Located almost split in the middle of Saint Lucia’s eastern coastline, Dennery has earned the enviable reputation of being one of the island’s most cultural, economic, captivating and fertile regions.

Known formerly as Lance Canot and Le Grand Mabouya, the area was later named after Count d’Ennery, who had written extensively on Saint Lucia in 1765 and 1767, and later became Governor-General of the Windward Islands.

Mabouya Valley, which forms a large part of Dennery, is known for its fertile soils and major banana plantations. Dennery is also known for its fishing prowess and former sugar estates. However, it’s the collective contributions of Dennery that have allowed the east coast district to make its indelible mark.
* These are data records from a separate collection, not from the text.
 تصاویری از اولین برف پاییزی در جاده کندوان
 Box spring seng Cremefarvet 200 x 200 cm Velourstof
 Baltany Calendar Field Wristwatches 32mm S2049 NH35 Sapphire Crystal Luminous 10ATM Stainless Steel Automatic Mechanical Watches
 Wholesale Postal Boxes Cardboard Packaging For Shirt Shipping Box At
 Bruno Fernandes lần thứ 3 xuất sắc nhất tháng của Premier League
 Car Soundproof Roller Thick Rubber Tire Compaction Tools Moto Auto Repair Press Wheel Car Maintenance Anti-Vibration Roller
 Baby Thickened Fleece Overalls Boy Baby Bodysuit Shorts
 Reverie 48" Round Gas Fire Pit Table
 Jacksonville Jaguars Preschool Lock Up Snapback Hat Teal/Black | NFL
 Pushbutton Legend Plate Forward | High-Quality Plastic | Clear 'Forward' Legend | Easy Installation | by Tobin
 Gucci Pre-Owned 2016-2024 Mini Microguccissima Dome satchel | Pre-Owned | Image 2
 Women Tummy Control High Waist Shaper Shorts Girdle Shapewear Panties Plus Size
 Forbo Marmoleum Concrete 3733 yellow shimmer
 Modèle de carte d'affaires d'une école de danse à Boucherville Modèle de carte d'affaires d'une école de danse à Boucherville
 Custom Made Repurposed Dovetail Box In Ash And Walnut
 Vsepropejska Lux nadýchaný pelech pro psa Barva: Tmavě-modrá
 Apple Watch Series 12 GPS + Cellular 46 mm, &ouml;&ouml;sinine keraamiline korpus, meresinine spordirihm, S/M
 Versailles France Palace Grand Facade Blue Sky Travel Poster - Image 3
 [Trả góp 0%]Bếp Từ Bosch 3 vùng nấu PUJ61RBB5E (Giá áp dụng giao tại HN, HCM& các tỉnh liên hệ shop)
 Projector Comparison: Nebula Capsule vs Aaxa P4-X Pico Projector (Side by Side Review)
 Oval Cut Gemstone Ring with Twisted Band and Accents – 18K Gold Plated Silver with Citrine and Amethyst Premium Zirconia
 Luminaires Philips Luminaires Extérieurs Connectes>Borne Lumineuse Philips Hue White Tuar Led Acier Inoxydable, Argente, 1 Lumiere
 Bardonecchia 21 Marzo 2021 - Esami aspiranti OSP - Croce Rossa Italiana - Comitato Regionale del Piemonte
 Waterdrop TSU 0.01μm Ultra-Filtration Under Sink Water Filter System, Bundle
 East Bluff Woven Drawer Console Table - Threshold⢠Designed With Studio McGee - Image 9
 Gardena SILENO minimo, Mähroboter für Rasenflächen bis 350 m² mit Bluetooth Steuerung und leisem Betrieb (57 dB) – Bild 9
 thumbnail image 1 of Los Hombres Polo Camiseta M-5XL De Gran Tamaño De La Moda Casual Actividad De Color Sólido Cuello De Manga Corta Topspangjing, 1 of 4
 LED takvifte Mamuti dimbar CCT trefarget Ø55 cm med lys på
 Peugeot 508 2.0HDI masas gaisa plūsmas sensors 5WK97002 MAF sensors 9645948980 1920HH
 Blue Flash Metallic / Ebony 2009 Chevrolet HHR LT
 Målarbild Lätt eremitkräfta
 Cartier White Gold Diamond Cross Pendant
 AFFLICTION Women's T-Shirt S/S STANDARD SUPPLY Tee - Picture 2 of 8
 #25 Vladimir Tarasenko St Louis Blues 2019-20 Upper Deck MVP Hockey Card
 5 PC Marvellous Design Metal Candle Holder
Local attractions include the 20-metre high Sault Falls located on the Dennery River; the Frigate Islands Nature Reserve, a breeding area for sea birds; and the popular Dennery Seafood Fiesta held every Saturday which showcases some of the most delicious Saint Lucian recipes. There’s also the pristine and picturesque Fond D’Or Heritage Park where musical and other events are held.

Alleyne Regis, a cultural and community activist from Dennery, is part of Infinity, a group of especially young people involved in development work. The group recently received a grant to develop a small area near the Dennery Fire Station which features a number of booths. They intend to repaint the booths to give them a forest motif and rename the area Iyanola Crossing.

“The whole idea is to raise awareness about the wildlife crossing the road,” Regis said. “The project has a tourism slant for the simple reason that visitors to Saint Lucia usually arrive at Hewanorra International Airport in Vieux Fort and travel up north via several communities, including Dennery.”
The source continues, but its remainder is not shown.